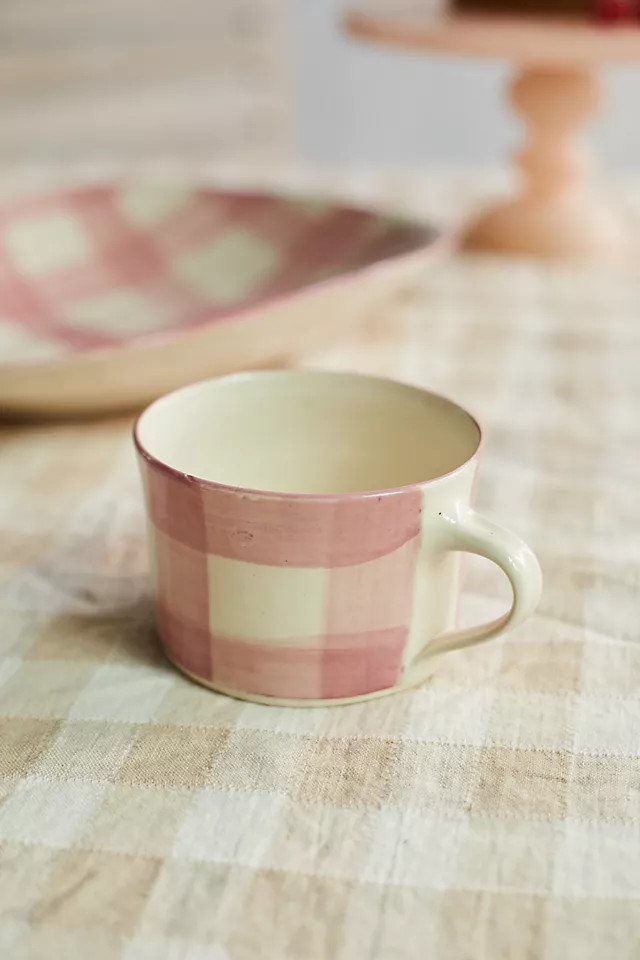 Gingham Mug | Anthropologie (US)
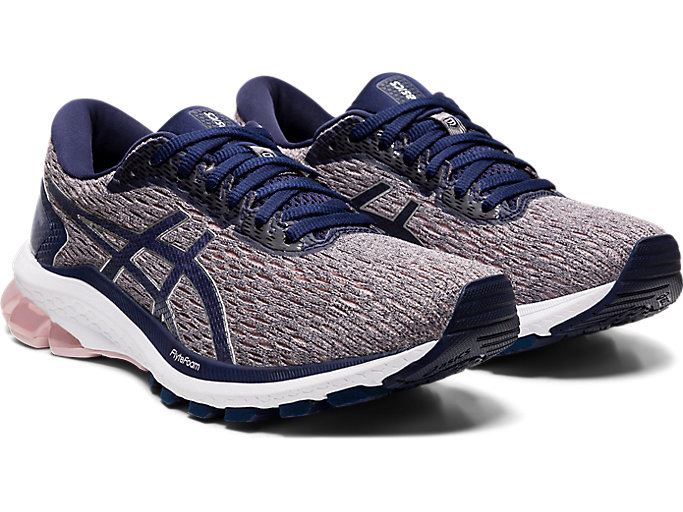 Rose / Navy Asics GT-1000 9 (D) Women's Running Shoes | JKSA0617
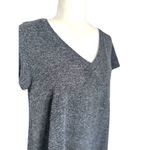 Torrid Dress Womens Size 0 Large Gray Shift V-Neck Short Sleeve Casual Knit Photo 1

- Task statement
Images are to be omitted; repeat the remaining data above exactly.

- The answer
 Gingham Mug | Anthropologie (US)
 Rose / Navy Asics GT-1000 9 (D) Women's Running Shoes | JKSA0617
 Torrid Dress Womens Size 0 Large Gray Shift V-Neck Short Sleeve Casual Knit Photo 1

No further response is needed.